Your goal ::
Your answer should consist of the lines in the listing that hold "data".
★ ★ ★ ★
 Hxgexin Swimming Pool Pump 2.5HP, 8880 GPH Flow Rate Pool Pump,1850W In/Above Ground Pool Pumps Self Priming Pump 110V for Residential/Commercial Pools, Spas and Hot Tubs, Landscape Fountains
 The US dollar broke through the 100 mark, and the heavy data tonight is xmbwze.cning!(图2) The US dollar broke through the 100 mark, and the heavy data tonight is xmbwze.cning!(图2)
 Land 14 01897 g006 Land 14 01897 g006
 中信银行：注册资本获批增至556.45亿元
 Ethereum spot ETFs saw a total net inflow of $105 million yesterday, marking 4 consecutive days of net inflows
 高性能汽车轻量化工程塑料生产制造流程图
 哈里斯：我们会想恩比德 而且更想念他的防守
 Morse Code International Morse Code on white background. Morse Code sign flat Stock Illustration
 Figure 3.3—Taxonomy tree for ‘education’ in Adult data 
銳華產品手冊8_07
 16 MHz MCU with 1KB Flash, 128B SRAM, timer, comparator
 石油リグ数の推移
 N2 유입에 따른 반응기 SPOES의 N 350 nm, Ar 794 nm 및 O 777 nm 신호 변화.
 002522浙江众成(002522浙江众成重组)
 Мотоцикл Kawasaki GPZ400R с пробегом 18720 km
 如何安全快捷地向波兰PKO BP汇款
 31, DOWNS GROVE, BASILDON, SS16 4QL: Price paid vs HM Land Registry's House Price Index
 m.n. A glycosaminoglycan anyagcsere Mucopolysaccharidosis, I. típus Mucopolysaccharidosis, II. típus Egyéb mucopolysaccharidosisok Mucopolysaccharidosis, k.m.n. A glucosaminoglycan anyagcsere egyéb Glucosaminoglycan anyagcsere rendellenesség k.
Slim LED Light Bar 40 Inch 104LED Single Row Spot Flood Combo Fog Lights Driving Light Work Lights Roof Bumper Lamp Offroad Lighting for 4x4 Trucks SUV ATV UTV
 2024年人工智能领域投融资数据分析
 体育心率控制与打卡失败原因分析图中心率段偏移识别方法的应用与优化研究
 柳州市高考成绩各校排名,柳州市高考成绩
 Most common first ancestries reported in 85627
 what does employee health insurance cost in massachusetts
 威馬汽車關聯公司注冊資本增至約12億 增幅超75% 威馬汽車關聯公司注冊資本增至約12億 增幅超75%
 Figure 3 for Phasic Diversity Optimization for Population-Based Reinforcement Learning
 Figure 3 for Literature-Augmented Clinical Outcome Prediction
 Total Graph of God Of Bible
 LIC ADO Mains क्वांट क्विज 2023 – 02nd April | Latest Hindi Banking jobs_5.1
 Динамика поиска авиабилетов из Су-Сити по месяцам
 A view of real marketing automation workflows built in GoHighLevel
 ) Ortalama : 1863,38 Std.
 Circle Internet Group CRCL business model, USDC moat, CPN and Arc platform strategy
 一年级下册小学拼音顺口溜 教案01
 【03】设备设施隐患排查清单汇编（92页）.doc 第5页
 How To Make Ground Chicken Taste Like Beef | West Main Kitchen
★ ★ ★ ★
Exercise solution ::
 The US dollar broke through the 100 mark, and the heavy data tonight is xmbwze.cning!(图2) The US dollar broke through the 100 mark, and the heavy data tonight is xmbwze.cning!(图2)
 Figure 3.3—Taxonomy tree for ‘education’ in Adult data 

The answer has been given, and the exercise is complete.